The Instituto Costarricense de Electricidad (ICE) confirmed that, despite the COVID-19 crisis, it will have no problem continuing with the installation of 28 fast chargers for electric cars.
“We want to be pioneers. We are a company that wants to collaborate with the whole issue of decarbonization. We want to build a national network so that the initiative of having an electric vehicle is not lost,” said the institution’s Electric Mobility coordinator, Bernal Muñoz.
Muñoz explained, despite the global crisis caused by COVID-19, this facility will not suffer delays and, rather, seeks to adjust to the established schedule.
“There has been no significant delay.
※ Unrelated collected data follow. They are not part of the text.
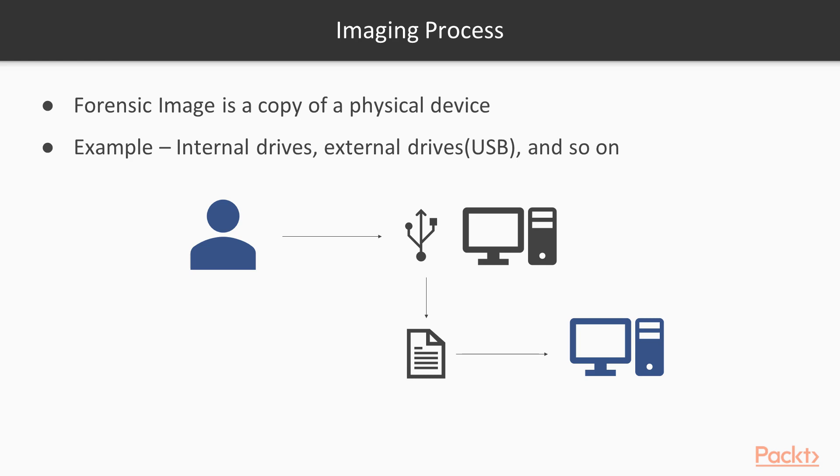So to repeat the process: from the crime scene you get the physical devices, create the images or copy of those devices with the help of imaging process, and then analyze the copy. This is basically called the imaging process.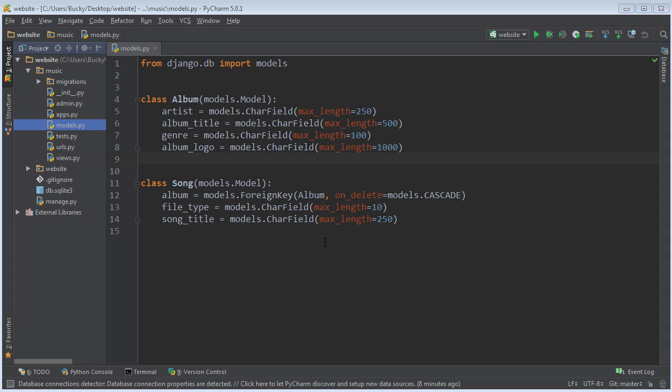Alright, welcome back. Now that we got our table set up in our database, what I want to do now is talk to you guys about the Django database API, one of the coolest things about Django. I really like it.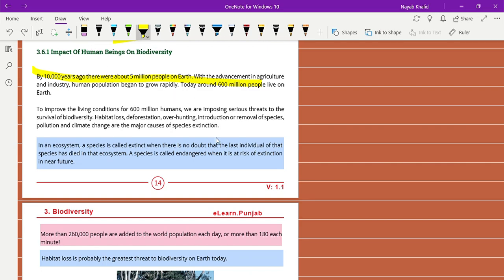Assalamu alaikum students, I hope you all are fine. Today we are going to discuss the impact of human beings on biodiversity. It's a very important topic and also very painful, how we affect biodiversity badly. By 10,000 years ago there were about 5 million people on Earth.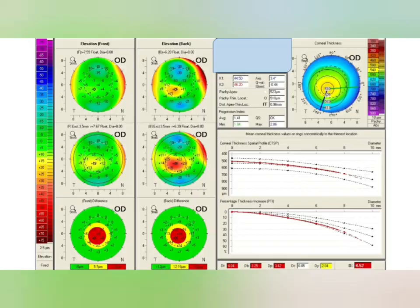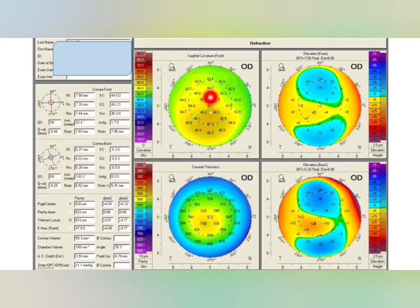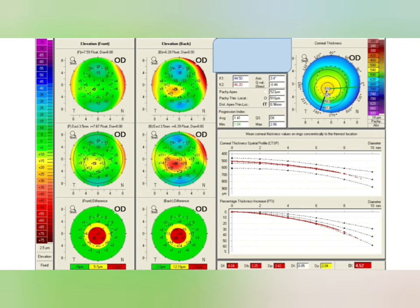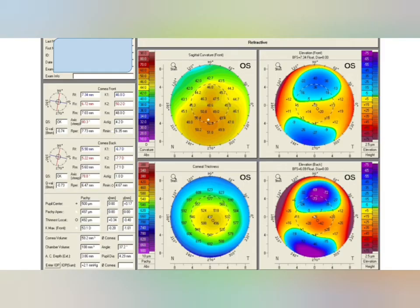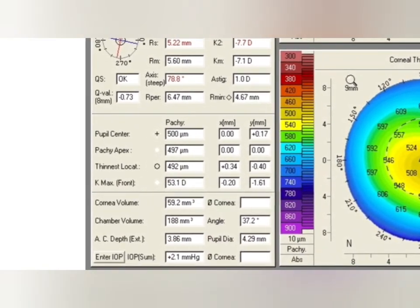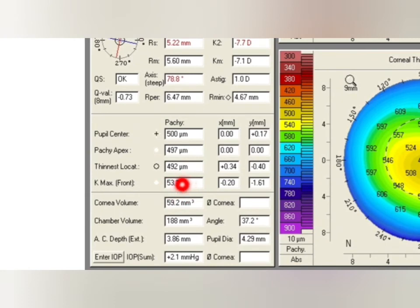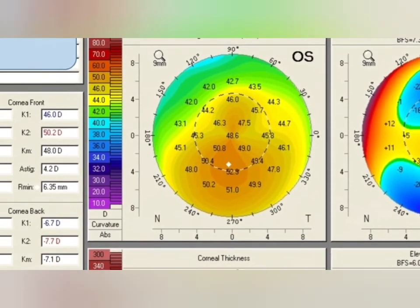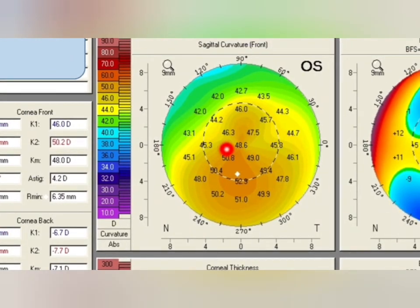So this is how you arrive at a diagnosis: first look at all the values and compare them with normal values, then ultimately check the Belin-Ambrósio enhanced accuracy map. Next case: QS and Q values are normal. Kmx value is 53.1 — abnormal, more than 47.20. Thinnest local is 492 — more than 470 but less than 500, in the borderline safe zone. Y-axis deviation is less than 0.5, normal. But the anterior sagittal map shows asymmetrical bow tie with inferior steepening and the difference is more than 2.5 — abnormal.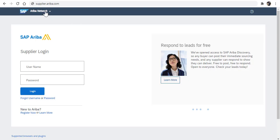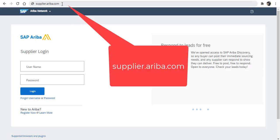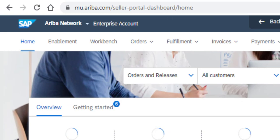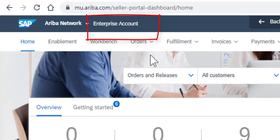To determine if your company has an enterprise account or a standard account, go to supplier.ariba.com and log into your Ariba account. Once logged in, on the top of the screen, you will be able to distinguish whether it's an enterprise account or a standard account. In this example, it is an enterprise account.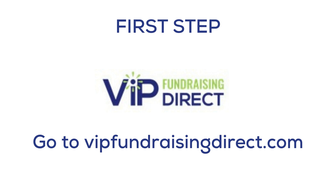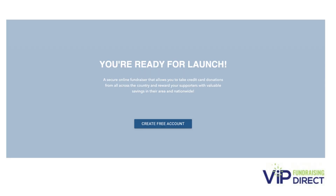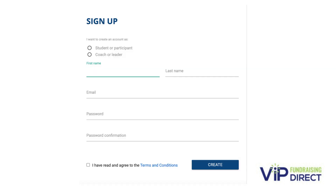The first step is to go to vipfundraisingdirect.com and create an account. Please note that the first time you log in you'll need to register on your laptop or desktop computer. You cannot initially register using your phone.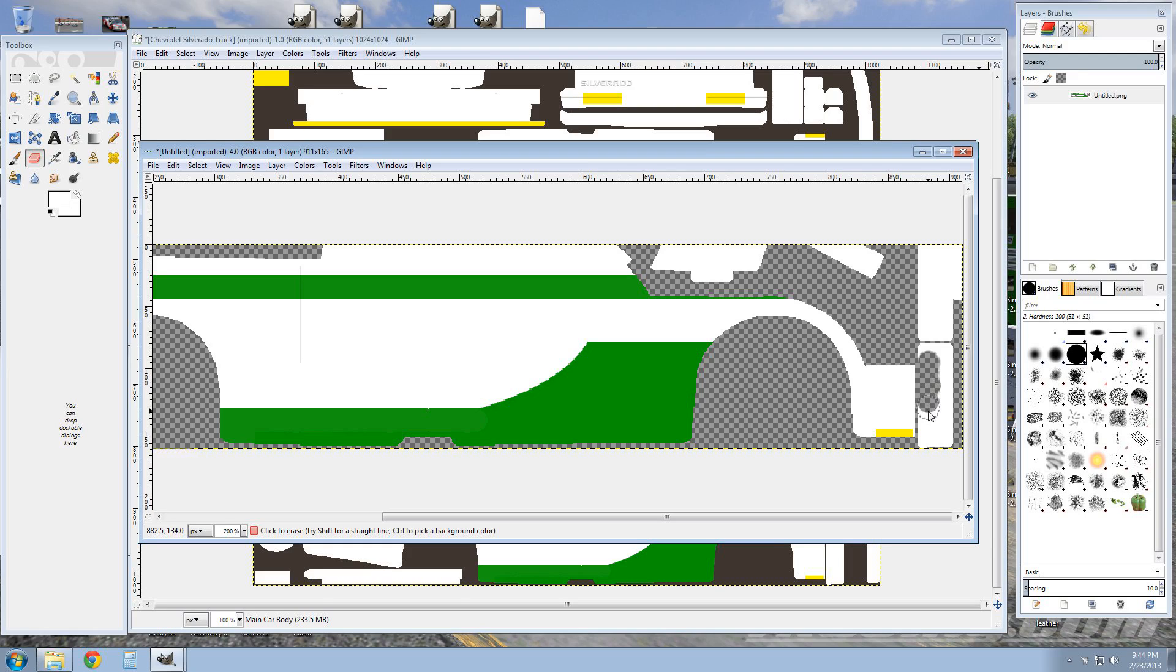Just remember when you're doing this, if you do make a mistake like this, you can go up to the top and Edit and Undo, but you can also hit Ctrl+Z and it'll take your last action off of there.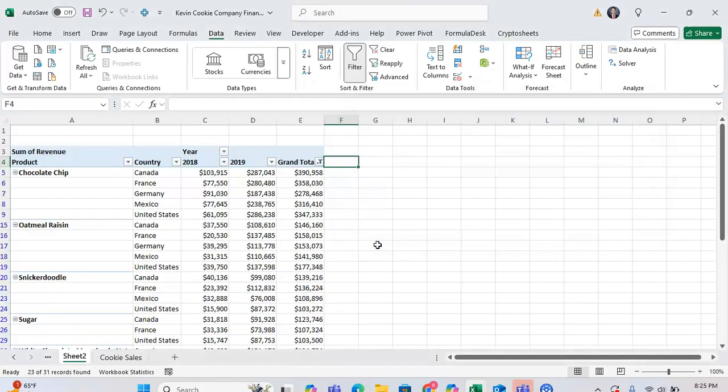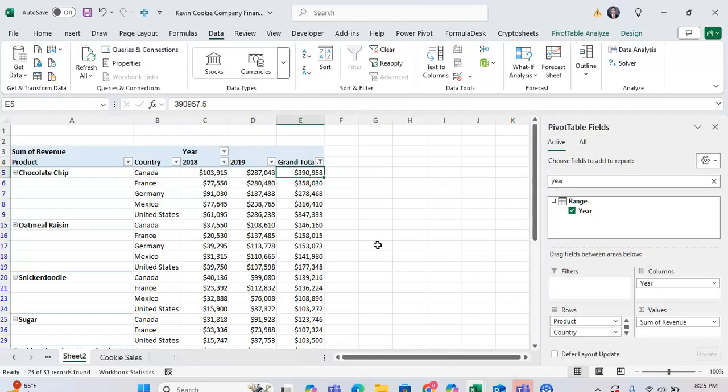And there you have it. One thing to keep in mind is that this does make your pivot table a little bit less flexible, and also can be a little bit tricky if your pivot table changes in size, but this is a good workaround to filter on the grand total column.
It is an international public tender. We all know the global situation we have, but, according to our program, we can do it on established dates,” said Muñoz.
These would add to the current charging network for electric cars, which has 34 semi-fast chargers and 11 fast chargers in all the provinces of the country.
The new chargers are more powerful. Currently, the fast chargers in the country – which allow a battery charge of 0% to 80% in 20 minutes.
They are not cheap. ICE will spend around $1.4 million dollars, financed by the Inter-American Development Bank (IDB). Thes units are expected to arrive in the country between August and September and would be installed before the end of the year.
“There are no chargers of this type in the country. Not even in the region (Latin America), dare I say, that in public networks it hardly exists,” said Muñoz.
Costa Rica is one of the countries with the most chargers for electric cars – both fast and semi-fast – in Central America and the Caribbean, along with the Dominican Republic, according to the PlugShare charger compiler application.
The chargers, in addition, have the particularity that they have a connector for Chinese technology, something that the current ones do not have and for which an adapter is needed in the cars of that country of origin.